▼
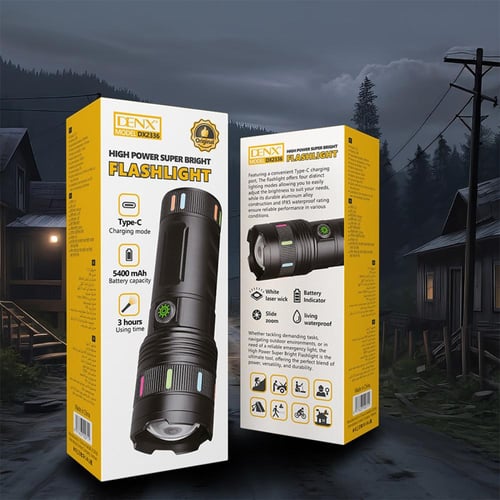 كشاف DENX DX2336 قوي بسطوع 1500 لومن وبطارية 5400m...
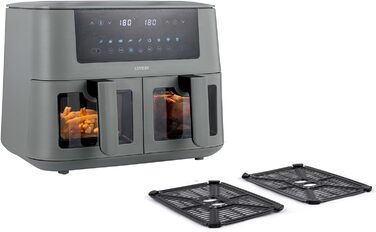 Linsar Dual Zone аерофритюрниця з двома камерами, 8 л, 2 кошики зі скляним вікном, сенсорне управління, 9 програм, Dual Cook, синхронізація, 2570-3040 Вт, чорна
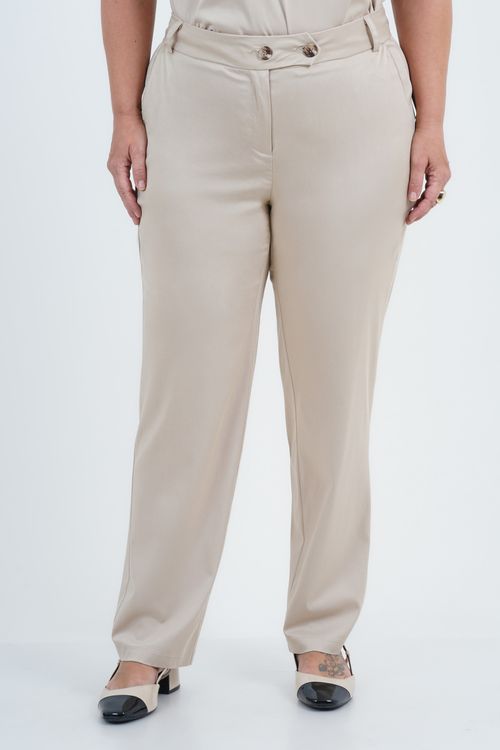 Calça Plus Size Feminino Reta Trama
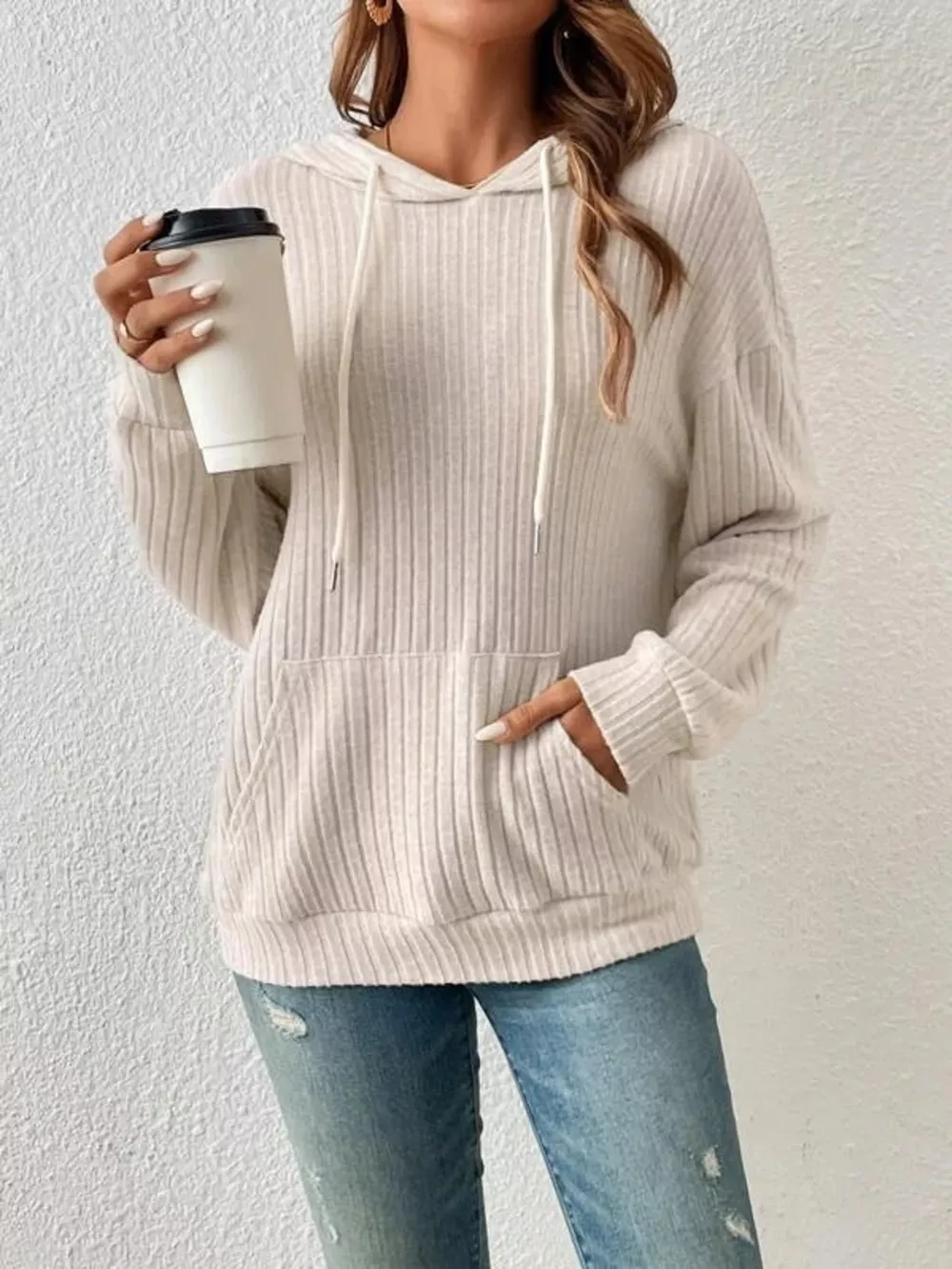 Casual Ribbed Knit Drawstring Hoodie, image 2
▲
▼
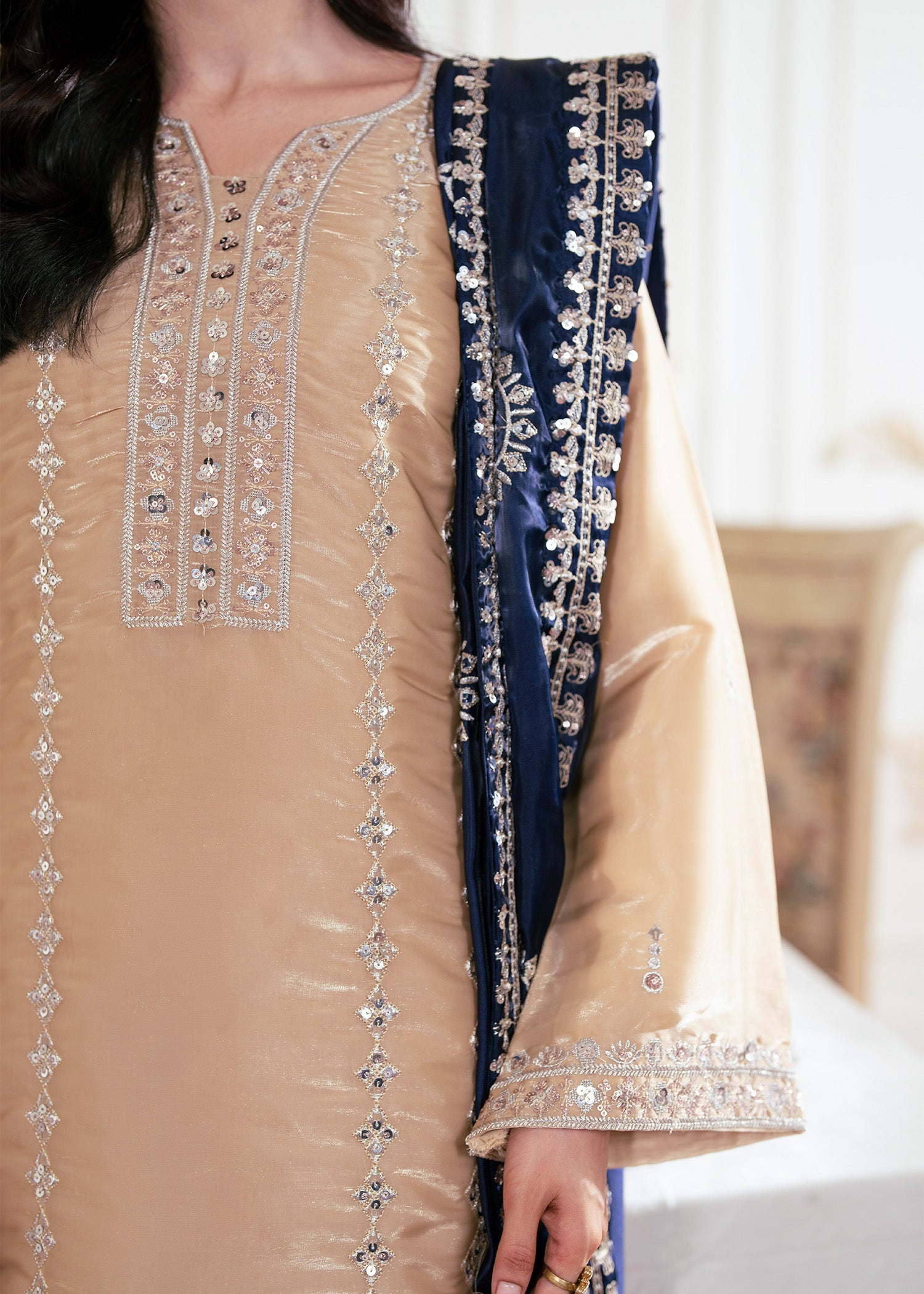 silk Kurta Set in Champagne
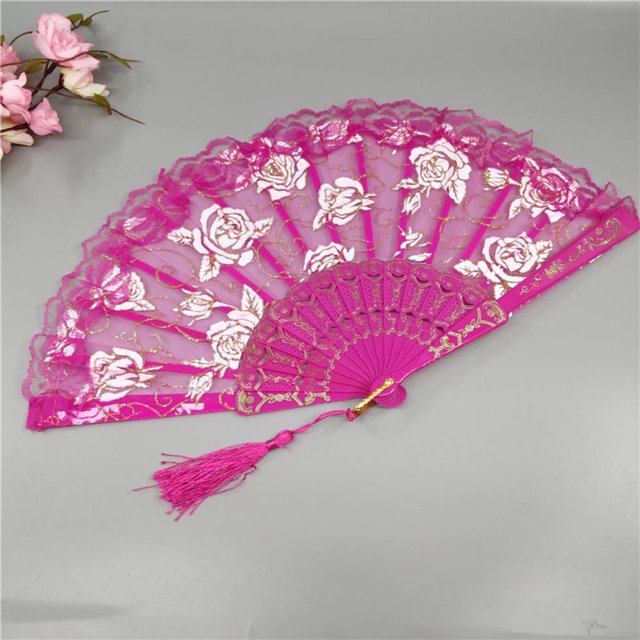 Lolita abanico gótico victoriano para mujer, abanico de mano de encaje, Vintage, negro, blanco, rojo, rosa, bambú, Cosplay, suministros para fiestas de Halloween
▲
Exercise requirements: Print, word for word, the lines above that run from the line containing "silk Kurta Set in Champagne" to the line containing "Lolita abanico gótico", both included. Keep the pictures out.

Answer to this task:
 silk Kurta Set in Champagne
 Lolita abanico gótico victoriano para mujer, abanico de mano de encaje, Vintage, negro, blanco, rojo, rosa, bambú, Cosplay, suministros para fiestas de Halloween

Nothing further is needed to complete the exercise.